4
votes

In my venture of coding a disassembler for the 32-bit Linux on x86 platform, I came across an issue. I saw the following opcode sequence when I disassembled a simple ELF-32 executable using objdump:

dc 82 04 08 0d 00     faddl  0xd0804(%edx)

But when I look at the Intel manual, I don't see an opcode corresponding to this. The fadd instruction starts with 0xDC, but then it requires a m64fp operand, which is "A memory quadword operand in memory."

Now, does this mean that the operand is a 64-bit address (which then means that the fadd instruction is a 64-bit instruction, but isn't prefixed by a REX byte), or is it just a 32-bit address which points to a quadword (64-bit)?

Am I missing something trivial over here, or is my understanding of encoding x86 instructions wrong?

2
Sorry but I haven't looked at SO for quite some time. Will do it now.Hrishikesh Murali
Note that the Intel manuals use Intel notation, whereas linux uses AT&T notation, so you will not be able to look up linux opcodes in the Intel manual directly.Raymond Chen

2 Answers

5
votes

Let's break this down.

> dc 82 04 08 0d 00     faddl  0xd0804(%edx)
  |  |  \____ ____/
  |  |       V
  |  |       |
  |  |       +---------> 32-bit displacement
  |  +-----------------> ModRM byte
  +--------------------> Opcode

Looking at the docs in detail, dc is indeed for an m64real floating point argument as the source.

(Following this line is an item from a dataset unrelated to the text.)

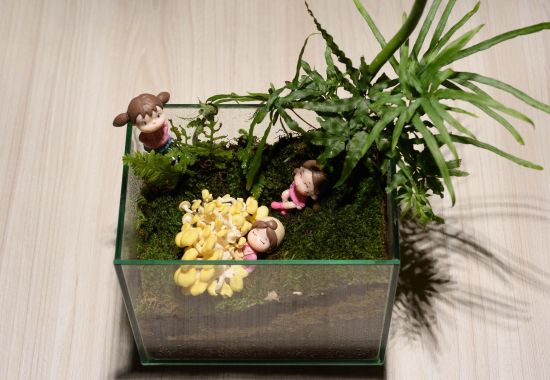蕈菇微型世界生態瓶DIY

It will add this 64-bit argument to the ST(0) floating point register.

However, it's the second byte 82 that is deciding where that 64-bit value comes from. This translates to the binary ModRM byte of:

+---+---+---+---+---+---+---+---+
| 1 | 0 | 0 | 0 | 0 | 0 | 1 | 0 |
+---+---+---+---+---+---+---+---+
|  MOD  |  REG/OPCD |    R/M    |

If you look at table 2.2 in your linked document (the one for 32-bit addressing modes), you'll see that this translates into disp32[EDX].

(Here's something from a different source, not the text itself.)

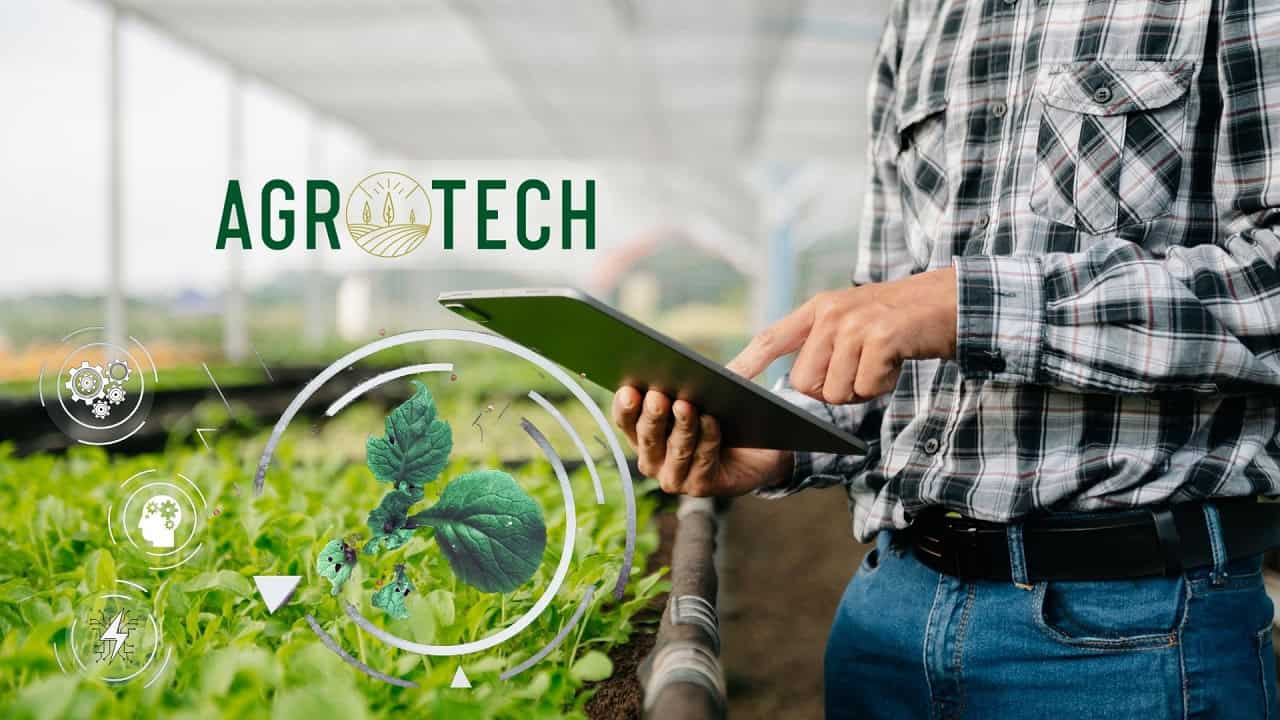 Agrotech (AGROT) Agross Mağazacılık’ı Kurdu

In other words it takes the next 32 bits (four bytes), adds that to the edx register and uses that address to extract the 64-bit value from memory.

2
votes

"Quadword operand in memory" means the value takes 64 bits in RAM. The address size will depend on whether it is being compiled as a 32 or 64 bit process, not on how big the operands are. Here is a full breakdown of the disassembly.

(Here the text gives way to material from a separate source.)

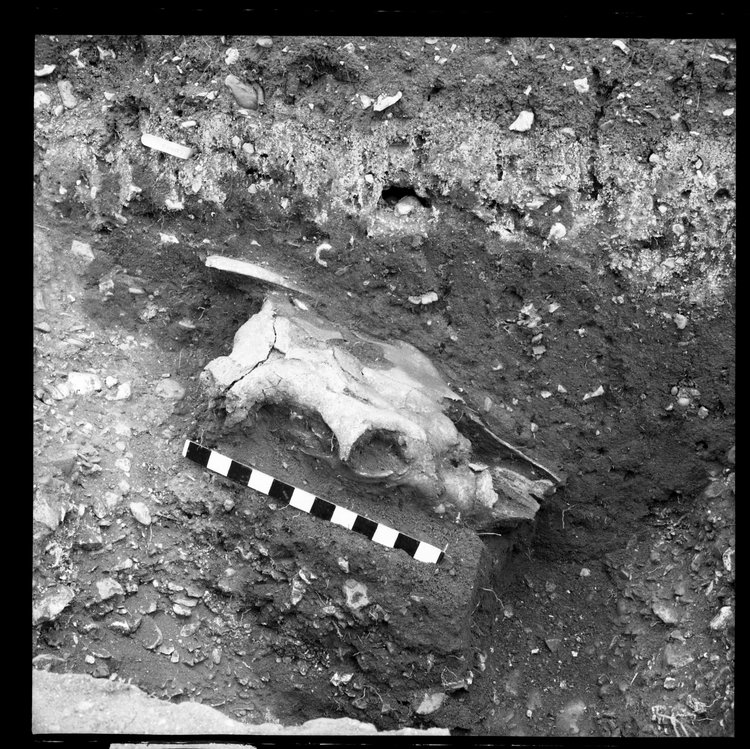Thumbnail of 1-3 Side view of ox skull with scale in PC I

  • The first byte, DC is the opcode. Combined with the fact that the next byte is not between C0 and C7, and contains 0 in the register field (bits 3-5), this indicates a fadd instruction with a 64 bit memory operand. Interestingly, the l at the end of the opcode would indicate a 32 bit operand. It should be faddq.

  • The second byte contains 3 fields.

    • Bits 6-7 are indicate the mode of the last field.
    • Bits 3-5 are the register field. Since a register operand isn't necessary for this instruction, they are used as part of the opcode.
    • Bits 0-2 are the R/M field. It can hold a register or specify a memory operand. The combined mode 10 and R/M 010 indicate that the operand is a memory operand with a 32 bit address relative to the edx register.
  • The last 4 bytes are the relative offset of the operand in little endian (least significant byte first).